GET all JSON docs in an index without using ID


(Kunal Goyal) #1

Hi,

I am trying to get all the JSON documents present inside an index and insert them in a different location using bulk API. But I cant find a way to get all the JSON documents without knowing their IDs as they are UUIDs created by elasticsearch. How can we code this in Java?

Thanks


(Magnus Bäck) #2

Just use an empty query and fetch all documents (you may want to use the scan and scroll API). Fetching documents one by one via their IDs is terribly inefficient anyway.


(Kunal Goyal) #3

How can we Scan and Scroll in Java?


(Magnus Bäck) #4

That is covered by the very first subtopic of the search API documentation:
https://www.elastic.co/guide/en/elasticsearch/client/java-api/current/scrolling.html


(Kunal Goyal) #5

Hi,

So I am trying to get all the documents present in an index using scroll and bulk index them in a different client but it takes a lot of time and then returns so many exceptions like:
[cluster:monitor/nodes/info] request_id [4] timed out after [5002ms]
WARNING: Unexpected exception in the selector loop.
java.lang.OutOfMemoryError: GC overhead limit exceeded

Similar method works just fine and quickly when I execute a normal query and bulk index the files.
Can you please guide on this and tell me what am i doing wrong here?
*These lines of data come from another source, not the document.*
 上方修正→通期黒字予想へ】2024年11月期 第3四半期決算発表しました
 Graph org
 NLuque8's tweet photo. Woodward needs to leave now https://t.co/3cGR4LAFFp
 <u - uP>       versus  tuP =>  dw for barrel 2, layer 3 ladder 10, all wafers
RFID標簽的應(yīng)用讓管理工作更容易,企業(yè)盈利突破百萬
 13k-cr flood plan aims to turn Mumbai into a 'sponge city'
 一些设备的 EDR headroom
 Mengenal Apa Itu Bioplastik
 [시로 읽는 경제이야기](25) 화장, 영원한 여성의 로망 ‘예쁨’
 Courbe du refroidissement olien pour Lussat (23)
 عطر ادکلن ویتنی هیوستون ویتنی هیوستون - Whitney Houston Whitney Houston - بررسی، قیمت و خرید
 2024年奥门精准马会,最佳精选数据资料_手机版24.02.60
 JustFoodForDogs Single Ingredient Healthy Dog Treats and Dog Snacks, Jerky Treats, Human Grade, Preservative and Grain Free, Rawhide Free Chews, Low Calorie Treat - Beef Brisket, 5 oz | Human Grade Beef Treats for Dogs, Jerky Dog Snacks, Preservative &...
	QueryBuilder qb = QueryBuilders.matchAllQuery();
	SearchResponse scrollResp = sourceClient.prepareSearch("s_details")
			.setSearchType(SearchType.SCAN)
			.setScroll(new TimeValue(60000))
			.setQuery(qb)
			.setSize(100).execute().actionGet(); //100 hits per shard will be returned for each scroll
	//Scroll until no hits are returned

	BulkRequestBuilder bulkRequest = targetClient.prepareBulk();
	while (true) {

		for (SearchHit hit : scrollResp.getHits().getHits()) {
			//Handle the hit...
			bulkRequest.add(targetClient.prepareIndex("s_details", "spark").setSource(hit.getSource()));
		}
		scrollResp = sourceClient.prepareSearchScroll(scrollResp.getScrollId()).setScroll(new TimeValue(6000000)).execute().actionGet();
		
		//Break condition: No hits are returned
		if (scrollResp.getHits().getHits().length == 0) {
			break;
		}
	}
	BulkResponse bulkResponse = bulkRequest.execute().actionGet();

	if (bulkResponse.hasFailures()) {
		// process failures by iterating through each bulk response item
		System.out.println("Bulk Insertion Failed");
	}

(Colin Goodheart-Smithe) #6

You are storing up all the index requests and trying to send them in a single bulk request. This is almost certainly the source of your OutOfMemoryError. You should execute the bulk request in batchs. So maybe when the bulk request has more than 1000 index operations in it, execute the request, check for failures and then create a new bulk request for the next batch


(Kunal Goyal) #7

Thanks Collin for the suggestion but I am running the program on just 20 requests at max. That is why I dont understand that why the program runs for 2-3 minutes and then starts giving [cluster:monitor/nodes/info] request_id [4] timed out after [5002ms] for different request ids.


(system) #8